In one of our studies, we asked college students to look at a photo of a stranger and estimate that person’s weight. We told them that they would receive a $1 bonus per photo if they came within 10 pounds of the right answer. After completing the initial task, some participants were shown an anxiety-inducing clip from the movie Vertical Limit; the rest watched a “neutral” clip from a National Geographic documentary about fish in the Great Barrier Reef. Next, students rated their self-confidence and then completed another round of weight estimates. But before being shown the photographs again, the students indicated whether they wanted to receive advice from someone else before making their guesses. Those put in an anxious state by the movie clip felt less confident than those who watched the nature documentary. Ninety percent of those in the anxiety condition opted to seek advice; only 72% of those in the neutral state did. Those in the anxious state were also more likely to take the advice they were given.

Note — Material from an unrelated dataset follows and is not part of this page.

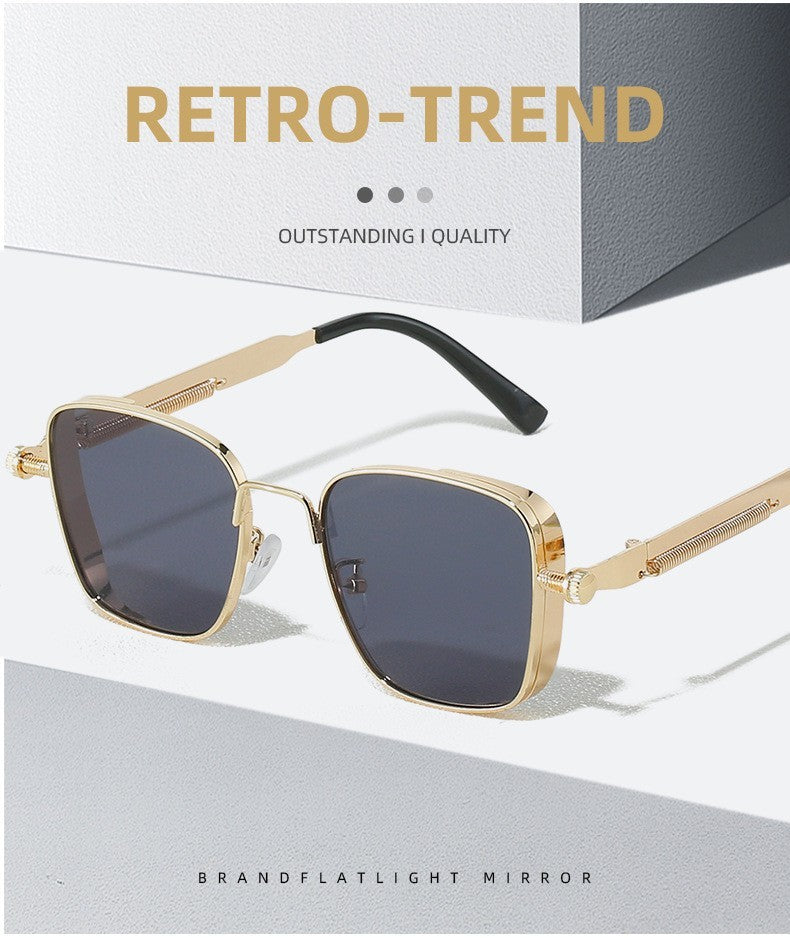 2025 Polarized Sunglasses Men High End Handsome Driving Special Anti UV High Quality Metal Punk Fashion Trends Sunglasses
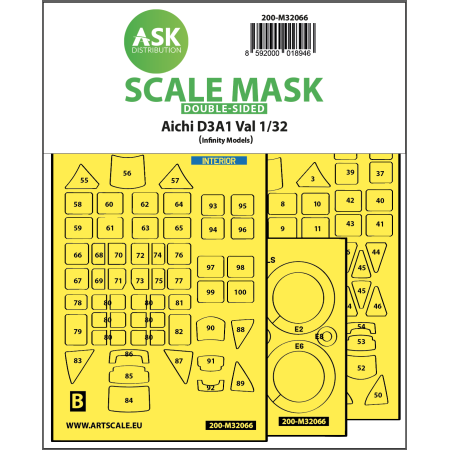ASK ART SCALE KIT M32066 MASK AICHI D3A1 VAL DOUBLE-SIDED EXPRESS SELF ADHESIVE FOR INFINITY 3206 1/32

This might not be a problem — except that anxiety also impairs our ability to accurately judge the quality of the advice we received. In a follow-up to the above experiment, my colleagues and I had another group of participants write about an experience from the past that made them anxious or about their last visit to the grocery store (typically a neutral experience) and then estimate the number of coins in a jar. This time, some participants were given bad advice; others were given good advice (i.e., they received accurate estimates of the number of coins). Those who were in a neutral state were more likely to take advice when it was good rather than bad. But anxious participants tended to make no such distinction. Anxiety reduced their ability to discern between good and bad advice.
These two tendencies — being more receptive to advice and less discriminating — can combine in a way that can be harmful. In fact, in a similar study, we found that people who were made to feel anxious were more open to, and more likely to rely on, advice even when they knew that the person offering it had a conflict of interest — that is, when he or she would benefit financially from the participant taking the advice.
The anxiety we triggered in our experiments was relatively mild. By contrast, the anxiety prompted by high-stake decisions can be so great that it can overwhelm our careful plans and analysis.
Eliminating the emotional turmoil of high-stakes decisions may not be always possible, but there are ways to minimize your likelihood of falling prey to bad advice.
1. Refrain from making major decisions until you are in a relaxed state and can clearly reflect on the matter at hand.
2. Avoid making a quick decision or obsessing over details. Using a metaphor from golfing, rather than focusing on the endless details of the perfect shot — such as the correct club, proper grip, turning your shoulders just so, and so on — it may be more helpful to focus on the more important outcome: where you want the shot to land.